Exercise → The lines to reproduce from the material below are those from the one containing "Fiat 124 sport" through the one containing "por depto, centrico", both included; write them out exactly and add nothing.

Data listing →
-.-.-

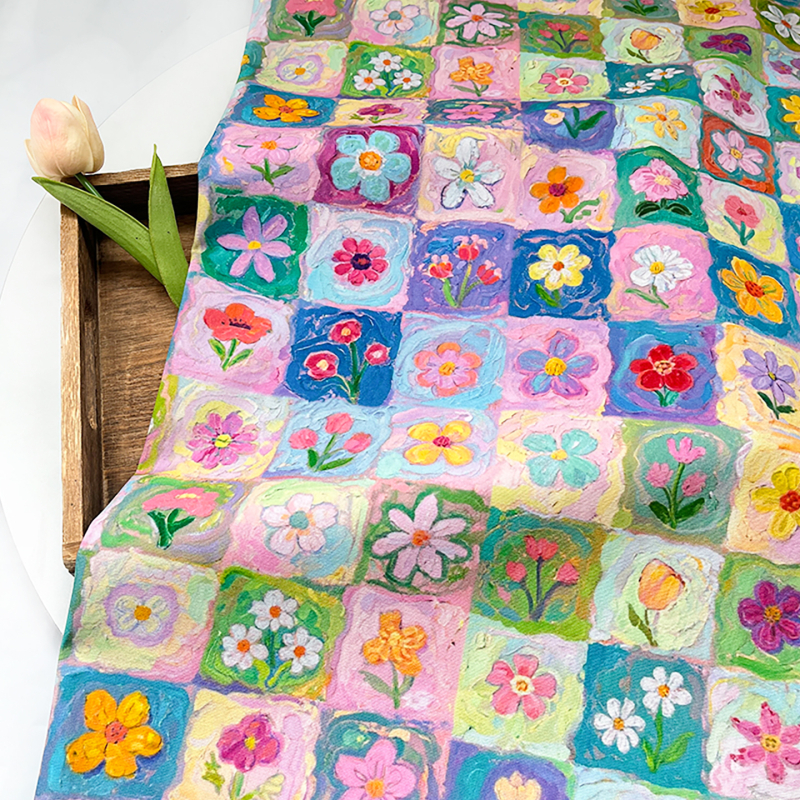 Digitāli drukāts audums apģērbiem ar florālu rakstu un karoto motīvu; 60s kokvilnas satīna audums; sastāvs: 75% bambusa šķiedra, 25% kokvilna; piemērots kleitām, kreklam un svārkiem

-.-.-

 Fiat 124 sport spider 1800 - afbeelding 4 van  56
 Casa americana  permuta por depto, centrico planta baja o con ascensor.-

-.-.-

Solution for this task →
 Fiat 124 sport spider 1800 - afbeelding 4 van  56
 Casa americana  permuta por depto, centrico planta baja o con ascensor.-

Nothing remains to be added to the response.